# Soundstream 705 the continuum



## Trishandchris (Apr 6, 2018)

So I recently aquire a soundstream 705 the continuum. Now I have to stress how well maintained and upkept it has been. Plus was recently refurbished by an amazing amp perfectionist. I really don't want to get rid of it but hard times have fallen on us. And i have no choice. Ivery gotten a few offers. But they don't seem resonable for me to really let it go for that. I'd rather keep it. But I've been searching online trying to find a "price" and it's really all over the place. Can anyone here help? Like where a good place to sell it, or a price range of its worth? Thank you!


----------



## lincoln88 (Sep 24, 2016)

A few 405's have sold here for $3-400. They were nice amps for sure, but watts are cheap these days.

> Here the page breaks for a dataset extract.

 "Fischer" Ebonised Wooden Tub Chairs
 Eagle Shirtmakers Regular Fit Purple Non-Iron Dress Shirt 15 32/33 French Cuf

It might be a little difficult to jump on here with just a few posts and sell a 20 year old amp, but you never know.

Good luck.


----------



## Old Skewl (May 30, 2011)

Is it a 705 or a Continuum? AFAIK it's the same amp inside but the 705 was blue and the continuum was chrome. Continuum's seem to bring more money. I sold my 705 that was gone over by Wade Stewart about 2 years ago for $475 on this forum.

http://www.diymobileaudio.com/forum...stream-reference-705-signed-wade-stewart.html


----------



## Trishandchris (Apr 6, 2018)

It's the chrome continuum.


----------



## gt40doss (May 11, 2018)

I was wondering if you still had the soundstream 705 amp
Max D.
gt40doss @ yahoo. com


----------